With the widespread popularity of Amazon AWS Lambda, Google Cloud Function, Microsoft Azure Functions, etc., Serverless Computing has gained significant impetus in recent times because of its simplicity. It is the next generation cloud service delivery paradigm and is also known as Function as a Service (FaaS). Almost all big players in the cloud have successfully launched commercially usable serverless computing platforms, although there are many open challenges in terms of their scalability and applicability for widespread deployments. These challenges are many-fold, starting from developing light-weight sandboxing platforms for FaaS supports, deciding optimal deployment strategies for function deployments, increasing the consolidation ratio of the functions, development of economic models for end-users as well as cloud service providers for their individual profit maximization, and so on. Given that majority of the cloud service providers now support serverless computing and direct function execution over the cloud platforms, a thorough investigation of the support systems is necessary through cutting-edge researches in this field.
This workshop aims to provide a forum for researchers and practitioners to exchange innovative ideas, latest research findings, practical experiences, lessons learned, and future directions to propel the research on serverless computing.
In addition to research papers STEERS also invites submission in the following three categories:
The conference invites submissions of Challenge papers that present revolutionary new ideas that challenge existing assumptions prevalent among the serverless community and cloud community in general. These "challenge papers" should provide stimulating ideas that may open up exciting avenues and/or influence the direction of future serverless research. Exhaustive evaluation of the proposed ideas is not necessary in tis category, instead insight and in-depth understanding of the issues is expected. Challenge papers should be submitted using the same submission procedure adopted for the regular papers. Accepted Challenge papers will also be included in the proceedings. The title of these papers must bear a "Challenge:" prefix.
The conference invites submission of Experience papers that present the details and insights from real-life testbeds and/or large scale experimental platforms around the research topics mentioned above. Such papers should provide detailed insights into (1) building the testbeds/platforms, (2) lessons that are impractical in a research setup, and (3) implications for further research in the relevant domain. Experience papers shall follow the same submission process as the regular papers with an “Experience:” prefix in the title. Accepted Experience papers will also be included in the proceedings.

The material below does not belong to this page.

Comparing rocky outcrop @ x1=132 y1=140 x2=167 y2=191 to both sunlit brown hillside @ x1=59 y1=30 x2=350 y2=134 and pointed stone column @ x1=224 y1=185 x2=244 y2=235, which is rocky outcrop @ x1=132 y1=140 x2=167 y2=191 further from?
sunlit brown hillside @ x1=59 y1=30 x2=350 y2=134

The conference invites submission of Verification papers that seek to validate and/or characterize recent results in serverless computing methodologies. The goal of these papers are to thoroughly characterize the parameters under which previously published results can be reproduced. Verification papers shall follow the same submission process as the regular papers with an “Verification:” prefix in the title. Accepted Verification papers will also be included in the proceedings.

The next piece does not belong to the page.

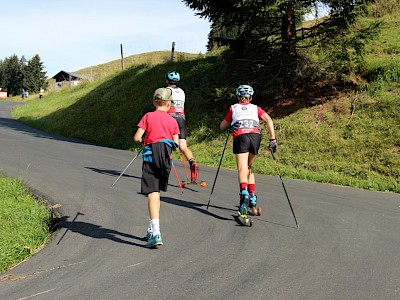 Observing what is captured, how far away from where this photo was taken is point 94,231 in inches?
259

We invite original research papers that have not been previously published and are not currently under review for publication elsewhere. Submitted papers should be no longer than 8 pages (including references and appendices) in two-column IEEE template format.
Papers need to be submitted through Easychair submission portal https://easychair.org/conferences/?conf=2023steers30.
All accepted papers will be published as part of the CCGRID proceedings. All previous CCGRID proceedings have been published by the IEEE and available online through IEEE Digital Library (EI indexing).